» Your assignment
Exactly the lines from the one with "Besides that, the" through the end of the data below must be set down, and no pictures with them.

» Data block
········

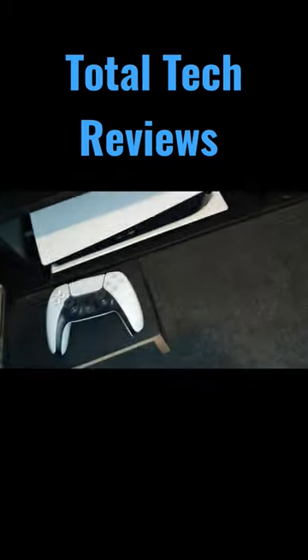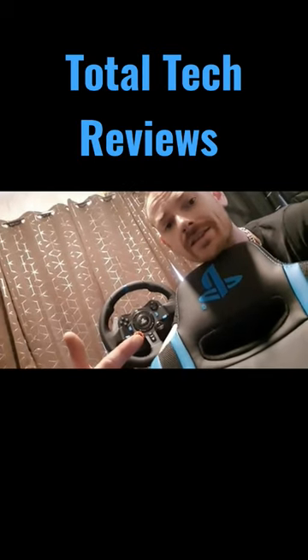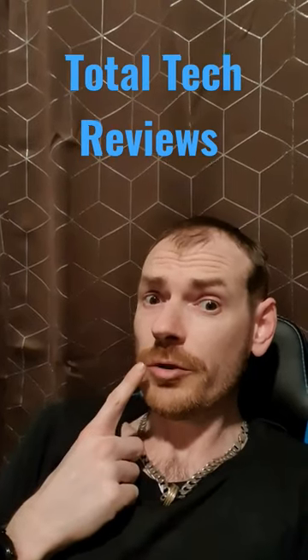It's got the 2.0 stereo system right behind your ear, so you can be right in the middle of the action. It's compatible with PlayStation 5, 4, 3, 2, 1 and the Xbox Series. Overall, I give this chair an 8 out of 10 because it really rocks.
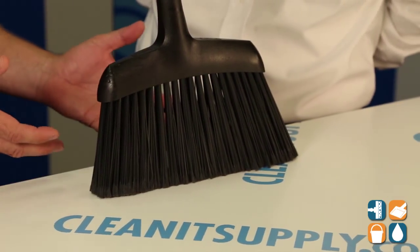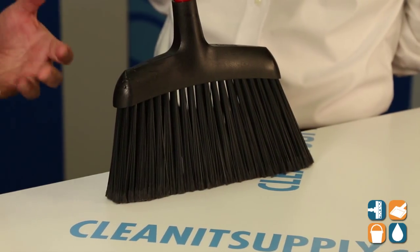Besides that, the broom has stiff fibers. This specific version is made for sweeping in wet, greasy, grimy, very dirty surface applications. It does have the flag fiber that allows you to pick up the fine particles, but it will also perform in a wet environment as well.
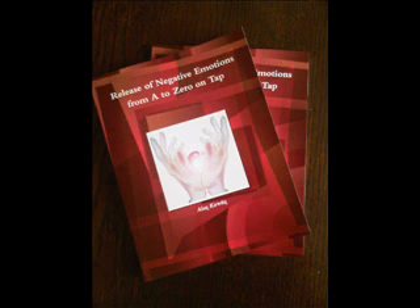Now begin tapping on the eyebrow point while saying after me: eyebrow — remaining feelings; side of the eye — remaining feelings; under the eye — remaining feelings; under the nose — remaining feelings; chin point — remaining feelings; collarbone — remaining feelings; under the arm — remaining feelings; top of the head — remaining feelings. Take a deep breath in once again, releasing all that now.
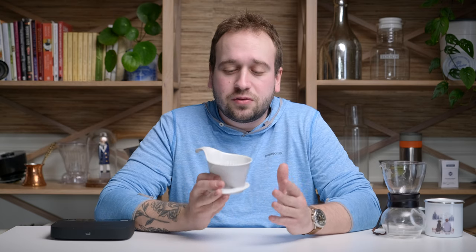Today we are talking about the Bee House dripper. This is a great pour-over brewer if you are just getting into pour-over coffee and may be intimidated by all the information out there about grind size and water temperature and having to pour exactly right. No — this is a great brewer. If you don't want to invest a ton of money into equipment, you can use any water kettle you have lying around. You don't need to spend hundreds of dollars on a coffee grinder. This is a great brewer that's really forgiving.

········

» Answer for the task
Besides that, the broom has stiff fibers. This specific version is made for sweeping in wet, greasy, grimy, very dirty surface applications. It does have the flag fiber that allows you to pick up the fine particles, but it will also perform in a wet environment as well.
Now begin tapping on the eyebrow point while saying after me: eyebrow — remaining feelings; side of the eye — remaining feelings; under the eye — remaining feelings; under the nose — remaining feelings; chin point — remaining feelings; collarbone — remaining feelings; under the arm — remaining feelings; top of the head — remaining feelings. Take a deep breath in once again, releasing all that now.
Today we are talking about the Bee House dripper. This is a great pour-over brewer if you are just getting into pour-over coffee and may be intimidated by all the information out there about grind size and water temperature and having to pour exactly right. No — this is a great brewer. If you don't want to invest a ton of money into equipment, you can use any water kettle you have lying around. You don't need to spend hundreds of dollars on a coffee grinder. This is a great brewer that's really forgiving.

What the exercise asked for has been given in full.